Prompt: Whatever the records say, set them down exactly.

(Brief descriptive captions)
____

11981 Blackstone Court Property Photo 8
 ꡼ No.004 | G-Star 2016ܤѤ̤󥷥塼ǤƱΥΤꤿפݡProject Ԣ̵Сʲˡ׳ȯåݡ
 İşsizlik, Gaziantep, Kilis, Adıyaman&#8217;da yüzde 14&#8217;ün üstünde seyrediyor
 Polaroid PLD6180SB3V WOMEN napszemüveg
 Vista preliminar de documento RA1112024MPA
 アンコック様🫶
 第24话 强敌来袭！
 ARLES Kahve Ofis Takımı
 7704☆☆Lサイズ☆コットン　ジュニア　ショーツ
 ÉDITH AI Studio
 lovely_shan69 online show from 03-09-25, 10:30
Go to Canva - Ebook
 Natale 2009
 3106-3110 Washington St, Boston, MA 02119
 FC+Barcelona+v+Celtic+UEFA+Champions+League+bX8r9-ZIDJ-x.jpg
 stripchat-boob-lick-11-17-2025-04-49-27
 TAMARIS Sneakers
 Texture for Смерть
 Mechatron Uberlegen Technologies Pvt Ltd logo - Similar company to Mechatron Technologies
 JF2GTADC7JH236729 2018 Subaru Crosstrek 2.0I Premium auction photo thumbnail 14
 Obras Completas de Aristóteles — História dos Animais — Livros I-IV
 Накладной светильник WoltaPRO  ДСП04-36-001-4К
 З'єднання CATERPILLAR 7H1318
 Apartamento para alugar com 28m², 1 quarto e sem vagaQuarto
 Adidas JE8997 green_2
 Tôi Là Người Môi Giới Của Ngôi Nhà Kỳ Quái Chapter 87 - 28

____

Output for this exercise:
11981 Blackstone Court Property Photo 8
 ꡼ No.004 | G-Star 2016ܤѤ̤󥷥塼ǤƱΥΤꤿפݡProject Ԣ̵Сʲˡ׳ȯåݡ
 İşsizlik, Gaziantep, Kilis, Adıyaman&#8217;da yüzde 14&#8217;ün üstünde seyrediyor
 Polaroid PLD6180SB3V WOMEN napszemüveg
 Vista preliminar de documento RA1112024MPA
 アンコック様🫶
 第24话 强敌来袭！
 ARLES Kahve Ofis Takımı
 7704☆☆Lサイズ☆コットン　ジュニア　ショーツ
 ÉDITH AI Studio
 lovely_shan69 online show from 03-09-25, 10:30
Go to Canva - Ebook
 Natale 2009
 3106-3110 Washington St, Boston, MA 02119
 FC+Barcelona+v+Celtic+UEFA+Champions+League+bX8r9-ZIDJ-x.jpg
 stripchat-boob-lick-11-17-2025-04-49-27
 TAMARIS Sneakers
 Texture for Смерть
 Mechatron Uberlegen Technologies Pvt Ltd logo - Similar company to Mechatron Technologies
 JF2GTADC7JH236729 2018 Subaru Crosstrek 2.0I Premium auction photo thumbnail 14
 Obras Completas de Aristóteles — História dos Animais — Livros I-IV
 Накладной светильник WoltaPRO  ДСП04-36-001-4К
 З'єднання CATERPILLAR 7H1318
 Apartamento para alugar com 28m², 1 quarto e sem vagaQuarto
 Adidas JE8997 green_2
 Tôi Là Người Môi Giới Của Ngôi Nhà Kỳ Quái Chapter 87 - 28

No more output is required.